Nicolás Galvis

Personal information
- Full name: Nicolás Galvis Llano
- Date of birth: 9 April 1997 (age 29)
- Place of birth: Bogotá, Colombia
- Height: 1.82 m (6 ft 0 in)
- Position: Midfielder

Youth career
- 2002–2004: Once Caldas
- St. Catharines Concord SC
- Oakville SC
- 2013: Defensor Sporting
- Burlington SC

College career
- Years: Team / Apps / (Gls)
- 2015: Niagara Purple Eagles

Senior career*
- Years: Team / Apps / (Gls)
- 2016: Canadian SC / 6 / (0)
- 2017–2018: Deportivo Pereira / 4 / (0)
- 2019: Valour FC / 11 / (0)
- 2021–2022: Guelph United / 1 / (0)
- 2022: FC Berlin / 3 / (1)
- 2023: Scrosoppi FC / 0 / (0)
- Total:  / 25 / (1)

= Nicolás Galvis =

Canadian soccer player (born 1997)

Nicolás Galvis Llano (born 9 April 1997) is a former professional soccer player who plays as a midfielder.

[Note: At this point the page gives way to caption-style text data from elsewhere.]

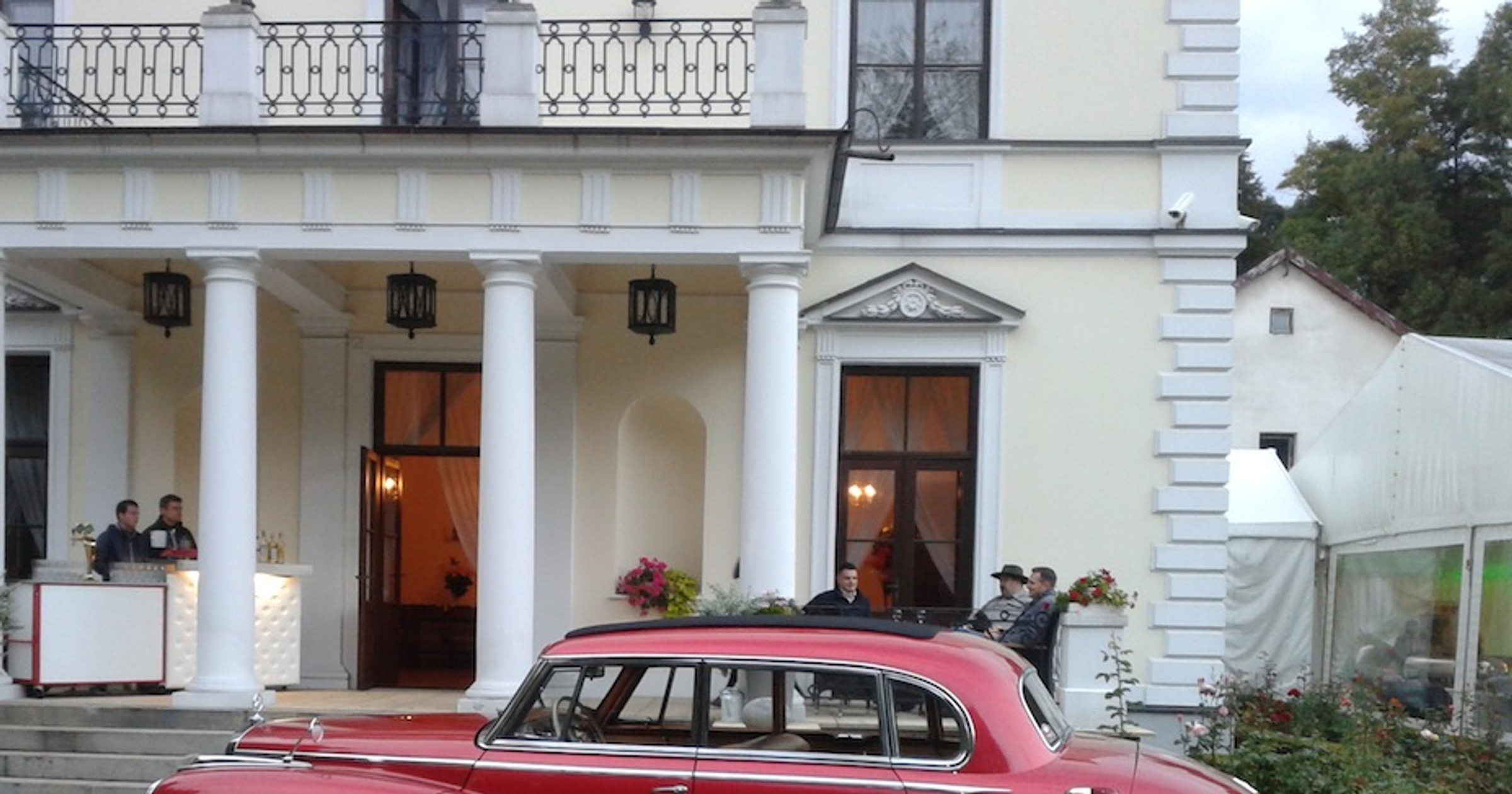 Oldtimery w pałacu w Rozalinie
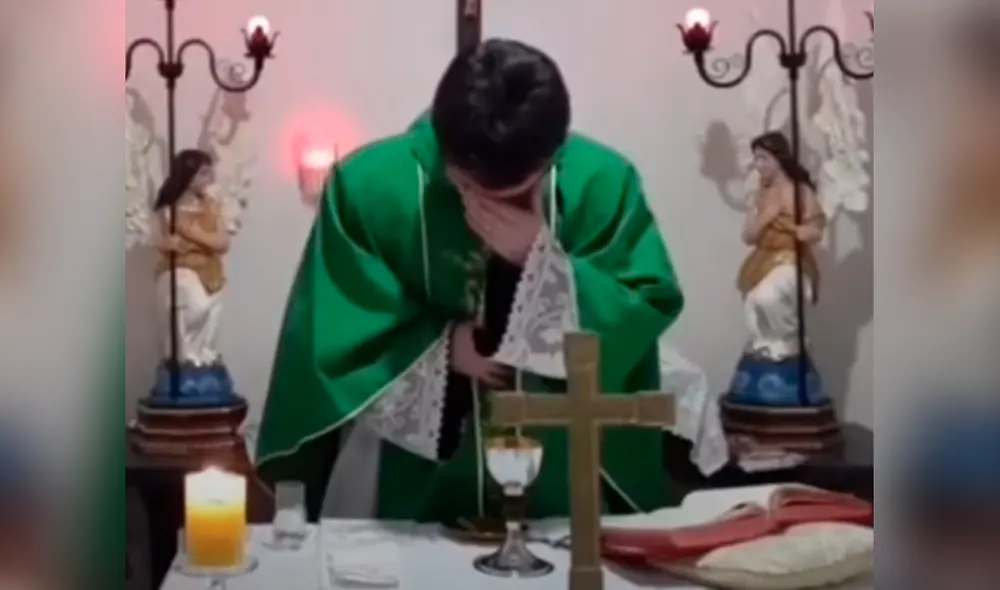 La eucaristía fue realizada en la iglesia de São Félix de Valois, en Brasil. Foto: captura de YouTube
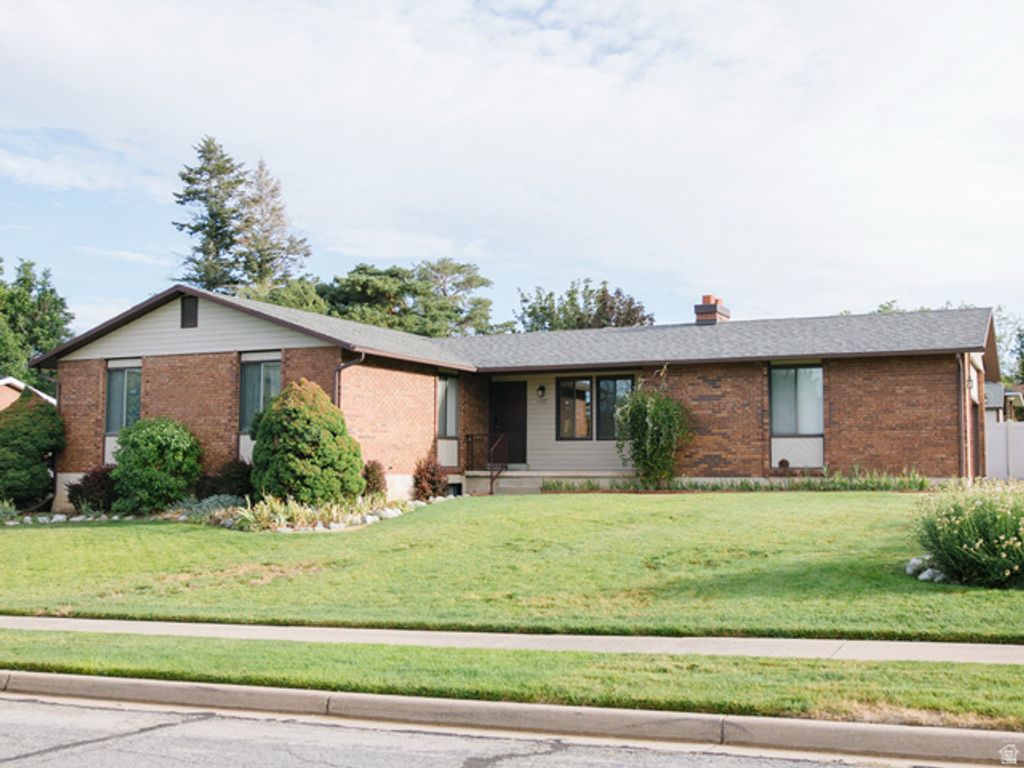 1157 E CREEKVIEW DR, Fruit Heights, UT 84037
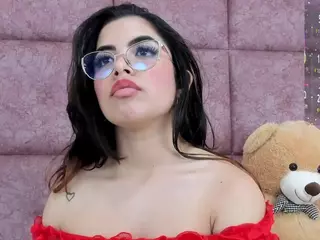 Isabella Fox 🦊🔥's Live Sex Cam Show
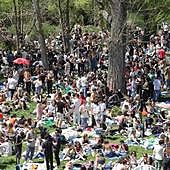 Salamanca se echa al campo para celebrar un primaveral y multitudinario Lunes de Aguas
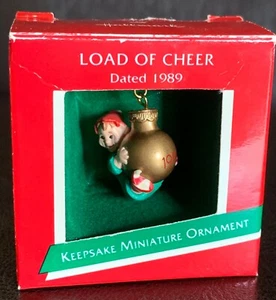 Hallmark Keepsake Miniature Ornament "Load of Cheer" dated 1989 - Imagen 1 de 2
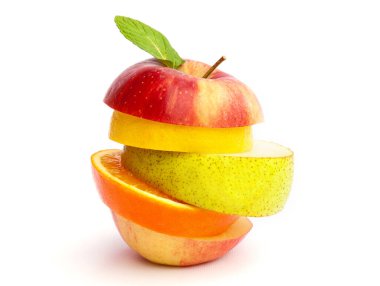 Beyaz arka planda izole edilmiş taze meyve ve sebzeler.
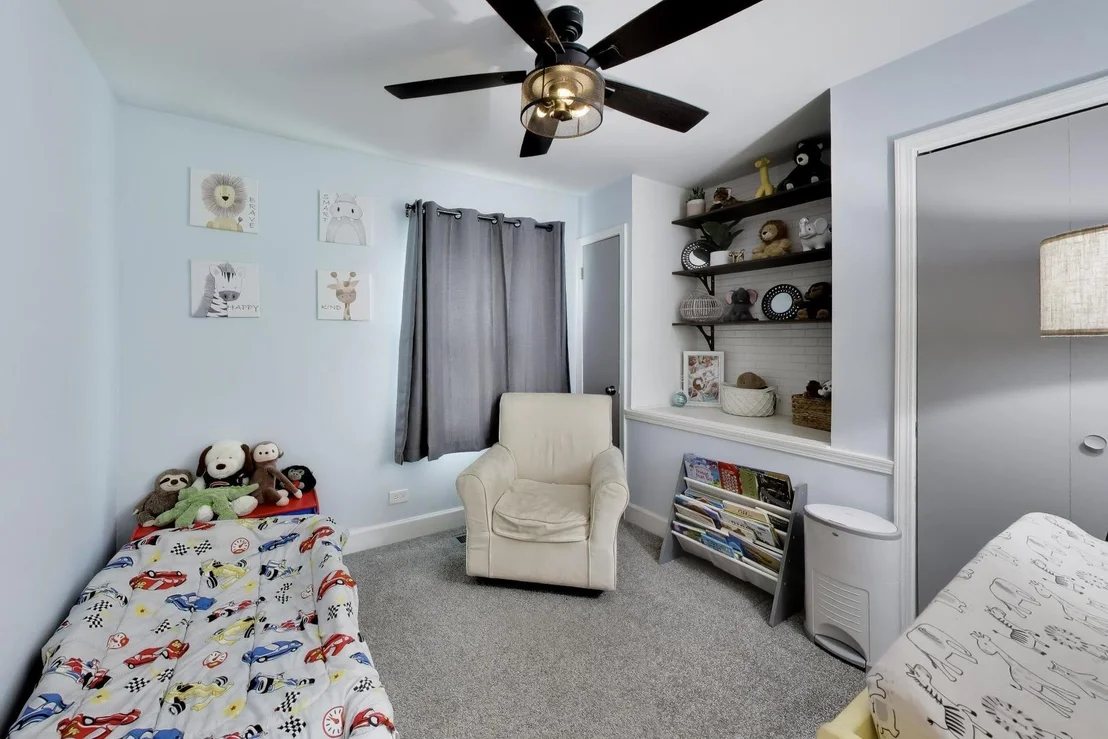 Photo of 2167 Midhurst Road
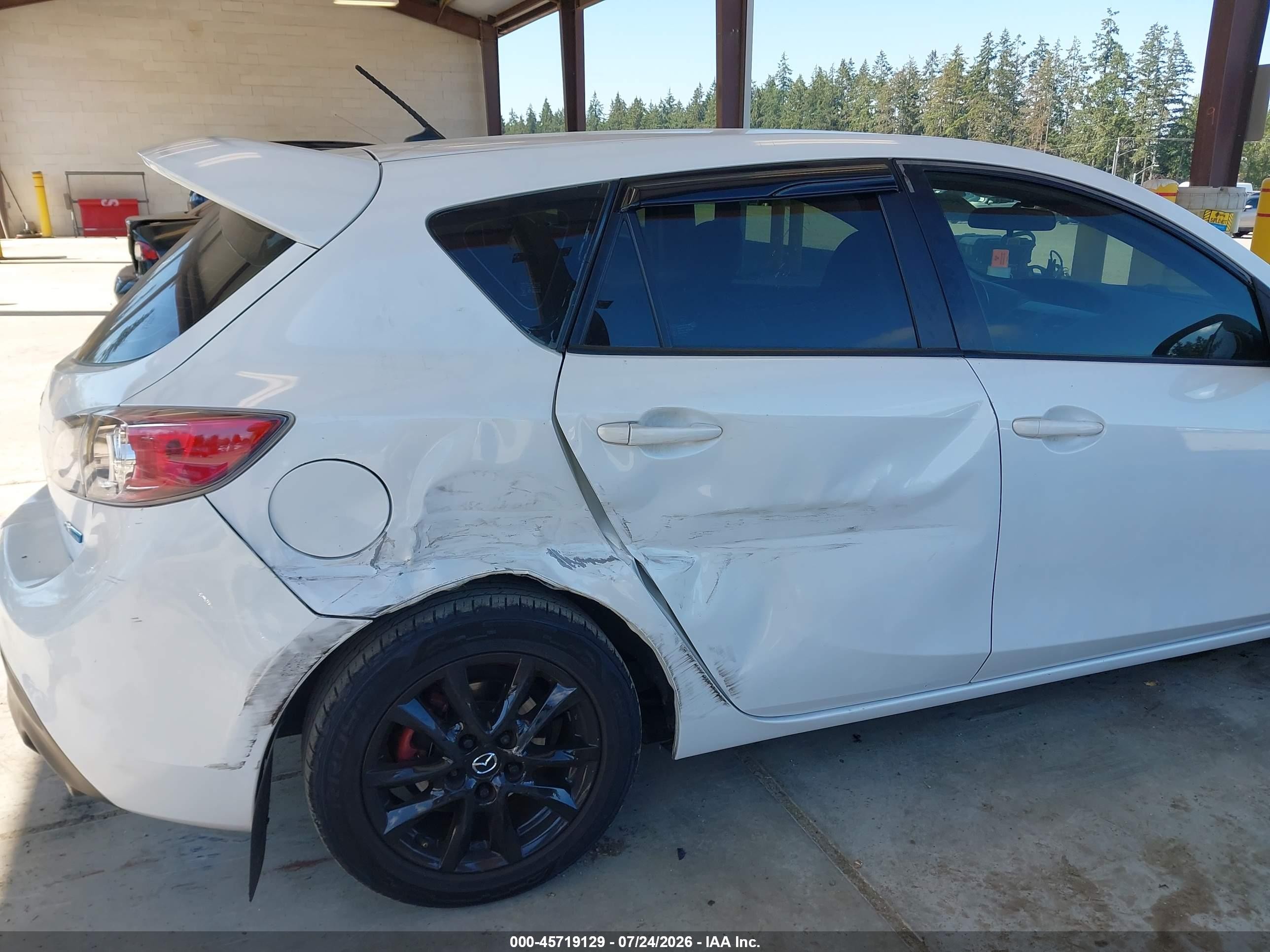2012 Mazda Mazda3 I Touring White vin: JM1BL1L73C1694874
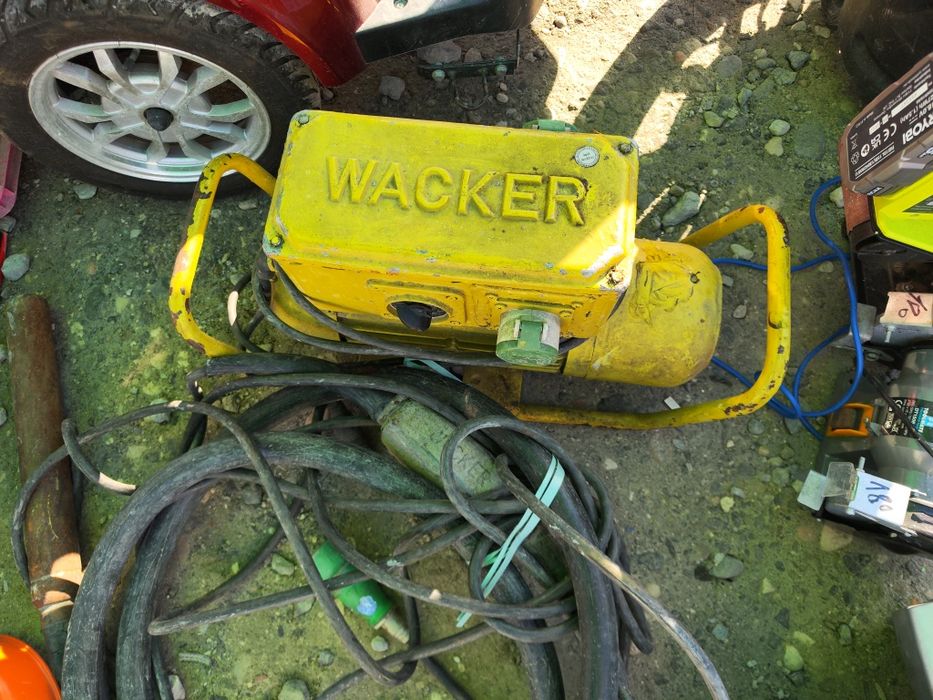 Vibrator beton wacker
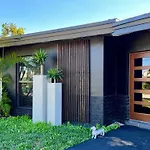 Entire Villa, North Miami Beach With Pool On Canal!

Born in Colombia and raised in Canada, he has previously accepted call-ups to the Canada national team.

==Early life==
Galvis was born in Bogotá, Colombia and lived with his family in Manizales and began playing soccer at age five with Once Caldas. At the age of seven, his family moved to St. Catharines, Canada, where he began playing with St. Catharines Concord SC. Afterwards, he played youth soccer with Oakville SC and in February 2013, he went to trial with Uruguayan club Defensor Sporting, where he was invited to stay on with the U16 team. He returned to Canada and played youth soccer with Burlington SC.

In 2015, he began playing college soccer with the Niagara Purple Eagles.

==Club career==
In 2016, he debuted at the senior level for Canadian SC in the Uruguayan Segunda División. In 2017, he went on trial with his former youth club Once Caldas. Later in 2017, he signed with Deportivo Pereira in the Colombian Categoría Primera B.

On 26 February 2019, Galvis signed with Canadian Premier League side Valour FC.

In June 2021, Galvis signed with League1 Ontario side Guelph United, after having attended 2021 pre-season with his former club Valour FC. He played one match in 2021, as he suffered an injury that kept him out for the remainder of the season.

In October 2022, he signed with FC Berlin in the United Premier Soccer League.

In February 2023, he joined Scrosoppi FC in League1 Ontario.

==International career==
He was called up by the Canadian senior team in June 2017 for a friendly against Curaçao, but did not play. He was named to Canada's provisional 40-man roster for the 2017 Gold Cup, but was ultimately not called up for the tournament.